* YOUR ASSIGNMENT:
For the data below, retype word for word the lines from the one containing "a bedroom with" through the one containing "A look to the"; drop the pictures.
Start of EXERCISE INPUTS
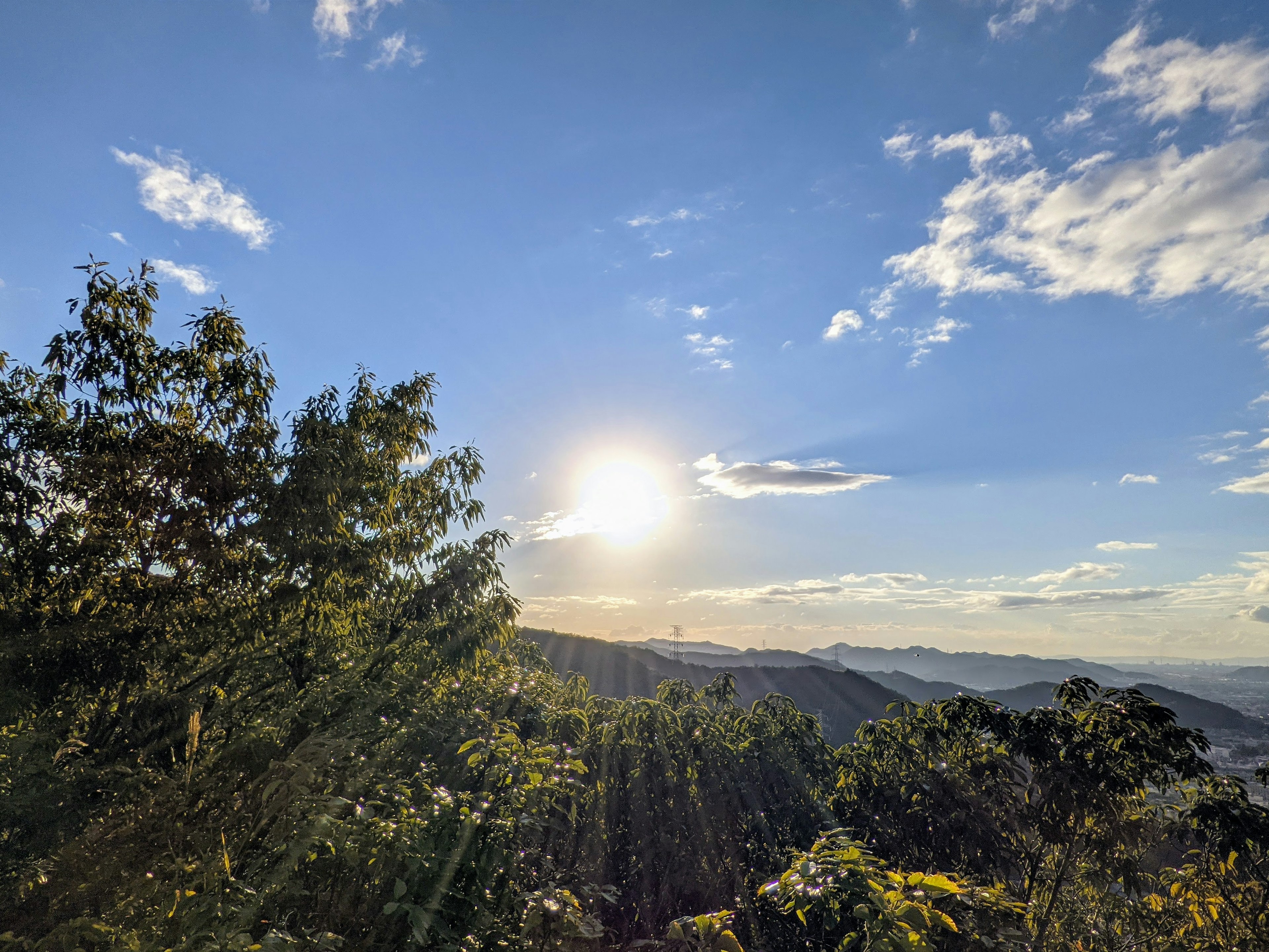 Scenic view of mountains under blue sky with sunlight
End of EXERCISE INPUTS
Start of EXERCISE INPUTS
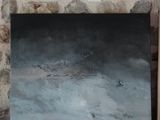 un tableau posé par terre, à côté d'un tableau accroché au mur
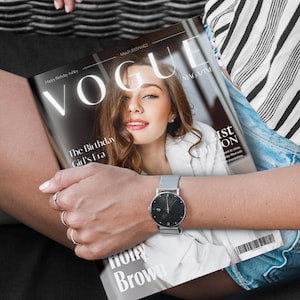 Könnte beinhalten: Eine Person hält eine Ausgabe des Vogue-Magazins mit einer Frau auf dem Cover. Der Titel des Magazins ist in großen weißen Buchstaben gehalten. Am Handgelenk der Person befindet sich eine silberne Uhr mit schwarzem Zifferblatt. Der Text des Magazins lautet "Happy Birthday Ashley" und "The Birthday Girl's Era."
End of EXERCISE INPUTS
Start of EXERCISE INPUTS
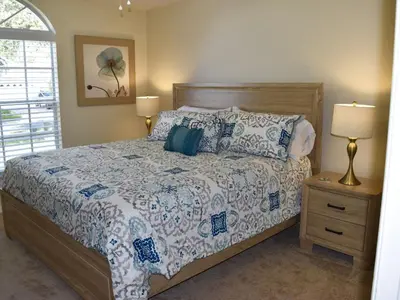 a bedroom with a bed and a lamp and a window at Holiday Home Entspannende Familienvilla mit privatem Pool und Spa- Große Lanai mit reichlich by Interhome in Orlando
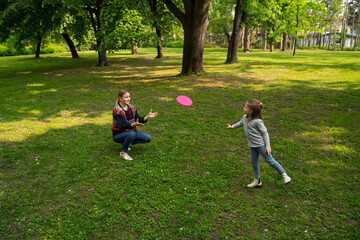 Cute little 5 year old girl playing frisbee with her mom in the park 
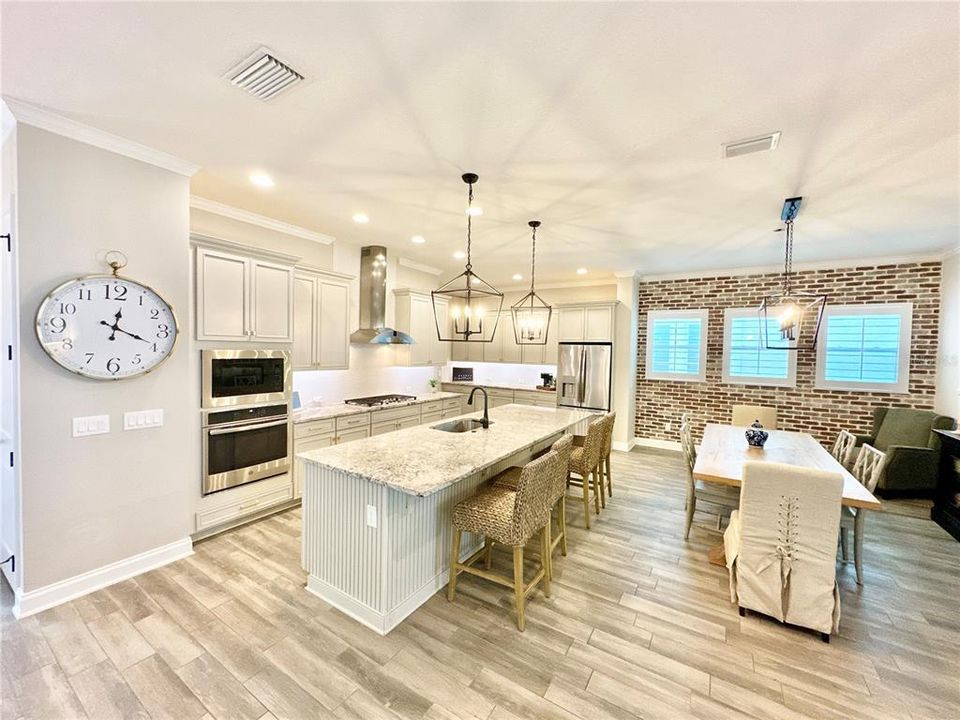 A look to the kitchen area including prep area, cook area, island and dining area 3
End of EXERCISE INPUTS
* EXERCISE OUTPUT:
 a bedroom with a bed and a lamp and a window at Holiday Home Entspannende Familienvilla mit privatem Pool und Spa- Große Lanai mit reichlich by Interhome in Orlando
 Cute little 5 year old girl playing frisbee with her mom in the park 
 A look to the kitchen area including prep area, cook area, island and dining area 3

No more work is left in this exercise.